The emphasis in Australia was initially on increasing the local uptake of wines that were considered more conducive to healthy consumption habits and the wellbeing of small farmers. But from the 1850s on, exports were beginning to increase there as well. Because spirit was added to Cape and Australian wines in order to enable them to survive lengthy sea journeys, these augmented alcohol levels were naturally higher than those of French wines. Regan-Lefebvre shows that while exporters defended their wines against charges of adulteration, they now struggled to remain competitive based on price and perceived quality.

After a short chapter on responses to phylloxera, the analysis turns to the ways in which the vogue for Exhibitions was exploited by those seeking to export wines. This included the efforts of Australian producers to probe the Indian market, alongside efforts to develop a local alternative. Whereas Indian wine was doomed to failure, wines from Malta and Cyprus enjoyed greater success, and some early markers were laid down in Canada.

The book comes into its own in the third section, where the author provides a compelling account of how wines from Australia and, to some extent, South Africa gradually found favor among ordinary British consumers over the course of the twentieth century. The author shows how fortified wines made significant inroads during the 1920s and during the Great Depression, in part because of the return of imperial preferences. She also shows how the interruption of supplies provided a renewed opening during WWII—a tale told, somewhat in fascinating detail, through the wine cellar books of King's College in Cambridge.

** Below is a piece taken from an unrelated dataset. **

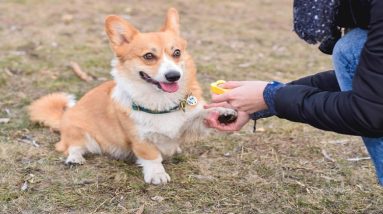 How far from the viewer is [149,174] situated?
8.86 feet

Regan-Lefebvre further demonstrates how off-licenses played an important role in increasing access to wine well before the advent of the supermarket. A short final section is actually the most compelling. The author points out that the increase in popular consumption of wine in Britain was initially to the advantage of European wines, especially after accession to the European Economic Community. She goes on to show how increased demand created the space into which Australian producers could move in the 1980s—followed in due course by the New Zealanders and South Africans, not to mention the Chileans and Argentinians. Regan-Lefebvre rightly emphasizes that while this breakthrough might have seemed to come out of the blue, it built on a much longer series of efforts to popularize wine in Britain.

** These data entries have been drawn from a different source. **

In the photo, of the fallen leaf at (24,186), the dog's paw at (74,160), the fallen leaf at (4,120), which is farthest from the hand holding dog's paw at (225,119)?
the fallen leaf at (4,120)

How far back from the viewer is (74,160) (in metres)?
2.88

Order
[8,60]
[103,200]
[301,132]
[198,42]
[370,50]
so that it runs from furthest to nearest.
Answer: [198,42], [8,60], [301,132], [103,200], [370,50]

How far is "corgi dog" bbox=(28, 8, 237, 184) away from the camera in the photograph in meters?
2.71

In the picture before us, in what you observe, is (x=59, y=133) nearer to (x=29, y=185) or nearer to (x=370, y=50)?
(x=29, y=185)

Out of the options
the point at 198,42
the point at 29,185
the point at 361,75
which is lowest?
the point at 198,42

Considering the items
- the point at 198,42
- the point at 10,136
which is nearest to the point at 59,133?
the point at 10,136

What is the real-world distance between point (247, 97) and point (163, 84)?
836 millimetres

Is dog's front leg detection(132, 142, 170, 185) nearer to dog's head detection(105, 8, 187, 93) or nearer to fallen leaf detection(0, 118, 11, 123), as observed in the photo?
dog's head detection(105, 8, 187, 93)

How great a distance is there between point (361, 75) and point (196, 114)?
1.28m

The author explains that COVID-19 put an end to her efforts to carry out research in South Africa. This helps to explain the contrast between the rich discussion of particular regions and producers in Australia, whereas the South African section discussion is pitched at a higher level of generality. Even the discussion of the Ko-operatiewe Wynbouwers Vereniging (KWV) , for which more research material would have been present in South Africa, is rather circumscribed.

There are a couple of errors, such as the equating of the workhorse “hermitage” grape with Syrah rather than with Cinsault (p. 78). But South Africa also poses a challenge for the larger interpretation. Although the author maintains that Cape wine farmers were a mixture of Afrikaners and settlers from Britain (pp. 64, 124), there were a mere handful of wine producers who could trace a meaningful link to the latter. The vast majority claimed Dutch or Huguenot heritage, and many were Afrikaner nationalists who had little time for Britain and its empire. This does not nullify the argument that Cape wine farmers looked to the British market to save them, but it does complicate the story of a British imperial transplant to Africa.

This is probably not a book that will have the greatest resonance with wine economists or academic historians of empire. But informed readers will appreciate its extensive coverage and writing style, in which lively and uncomplicated prose is enlivened with numerous wry asides. At the end of the day, it tells a compelling story of how wines from the former Empire came to win over British palates, and capture a major share of the global market. It is the first book that succeeds in explaining how this unfolded over the course of more than two centuries.